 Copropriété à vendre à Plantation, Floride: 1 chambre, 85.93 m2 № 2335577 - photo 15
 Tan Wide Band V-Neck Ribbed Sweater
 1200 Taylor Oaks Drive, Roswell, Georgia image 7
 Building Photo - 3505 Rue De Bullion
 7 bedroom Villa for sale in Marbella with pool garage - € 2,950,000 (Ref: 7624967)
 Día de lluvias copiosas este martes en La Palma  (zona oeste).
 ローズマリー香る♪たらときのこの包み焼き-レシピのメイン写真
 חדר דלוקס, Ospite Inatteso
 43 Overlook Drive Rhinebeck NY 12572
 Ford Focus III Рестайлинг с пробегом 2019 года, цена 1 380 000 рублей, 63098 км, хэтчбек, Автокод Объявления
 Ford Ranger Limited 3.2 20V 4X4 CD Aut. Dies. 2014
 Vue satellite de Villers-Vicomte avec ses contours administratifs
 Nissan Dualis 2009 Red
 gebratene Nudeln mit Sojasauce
──────
Print every entry from the material exactly.

*Answer*.
 Copropriété à vendre à Plantation, Floride: 1 chambre, 85.93 m2 № 2335577 - photo 15
 Tan Wide Band V-Neck Ribbed Sweater
 1200 Taylor Oaks Drive, Roswell, Georgia image 7
 Building Photo - 3505 Rue De Bullion
 7 bedroom Villa for sale in Marbella with pool garage - € 2,950,000 (Ref: 7624967)
 Día de lluvias copiosas este martes en La Palma  (zona oeste).
 ローズマリー香る♪たらときのこの包み焼き-レシピのメイン写真
 חדר דלוקס, Ospite Inatteso
 43 Overlook Drive Rhinebeck NY 12572
 Ford Focus III Рестайлинг с пробегом 2019 года, цена 1 380 000 рублей, 63098 км, хэтчбек, Автокод Объявления
 Ford Ranger Limited 3.2 20V 4X4 CD Aut. Dies. 2014
 Vue satellite de Villers-Vicomte avec ses contours administratifs
 Nissan Dualis 2009 Red
 gebratene Nudeln mit Sojasauce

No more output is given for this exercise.